__Work to complete__: The expected answer is every line from the material below that has the word "Image".

__Exercise data__:
--- START ---
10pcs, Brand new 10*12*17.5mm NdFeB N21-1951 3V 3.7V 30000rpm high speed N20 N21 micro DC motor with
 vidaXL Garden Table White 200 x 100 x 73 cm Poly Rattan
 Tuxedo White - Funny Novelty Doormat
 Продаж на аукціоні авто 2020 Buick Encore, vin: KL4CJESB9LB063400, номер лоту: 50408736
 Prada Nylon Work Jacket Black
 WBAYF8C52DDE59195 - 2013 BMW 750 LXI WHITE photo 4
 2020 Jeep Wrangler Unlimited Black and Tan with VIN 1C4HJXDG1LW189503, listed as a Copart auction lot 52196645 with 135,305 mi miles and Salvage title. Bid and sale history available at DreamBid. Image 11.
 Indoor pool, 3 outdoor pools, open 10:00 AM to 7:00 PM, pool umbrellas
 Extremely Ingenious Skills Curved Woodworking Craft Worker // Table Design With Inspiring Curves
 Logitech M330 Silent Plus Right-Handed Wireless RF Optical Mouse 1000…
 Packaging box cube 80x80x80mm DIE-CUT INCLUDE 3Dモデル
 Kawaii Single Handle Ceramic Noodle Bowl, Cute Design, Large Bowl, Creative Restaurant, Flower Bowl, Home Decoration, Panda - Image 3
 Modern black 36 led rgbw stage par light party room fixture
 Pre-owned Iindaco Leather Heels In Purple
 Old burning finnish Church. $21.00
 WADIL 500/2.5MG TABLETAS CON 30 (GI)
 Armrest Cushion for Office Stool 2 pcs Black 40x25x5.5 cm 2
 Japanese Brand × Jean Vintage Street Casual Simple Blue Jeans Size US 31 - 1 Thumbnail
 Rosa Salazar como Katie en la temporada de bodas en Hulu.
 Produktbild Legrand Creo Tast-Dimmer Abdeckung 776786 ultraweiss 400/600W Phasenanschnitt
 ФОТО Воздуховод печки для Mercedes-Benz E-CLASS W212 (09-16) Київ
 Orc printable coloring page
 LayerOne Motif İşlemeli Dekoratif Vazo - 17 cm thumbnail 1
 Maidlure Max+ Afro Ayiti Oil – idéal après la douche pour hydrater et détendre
--- END ---
__Task response__:
 2020 Jeep Wrangler Unlimited Black and Tan with VIN 1C4HJXDG1LW189503, listed as a Copart auction lot 52196645 with 135,305 mi miles and Salvage title. Bid and sale history available at DreamBid. Image 11.
 Kawaii Single Handle Ceramic Noodle Bowl, Cute Design, Large Bowl, Creative Restaurant, Flower Bowl, Home Decoration, Panda - Image 3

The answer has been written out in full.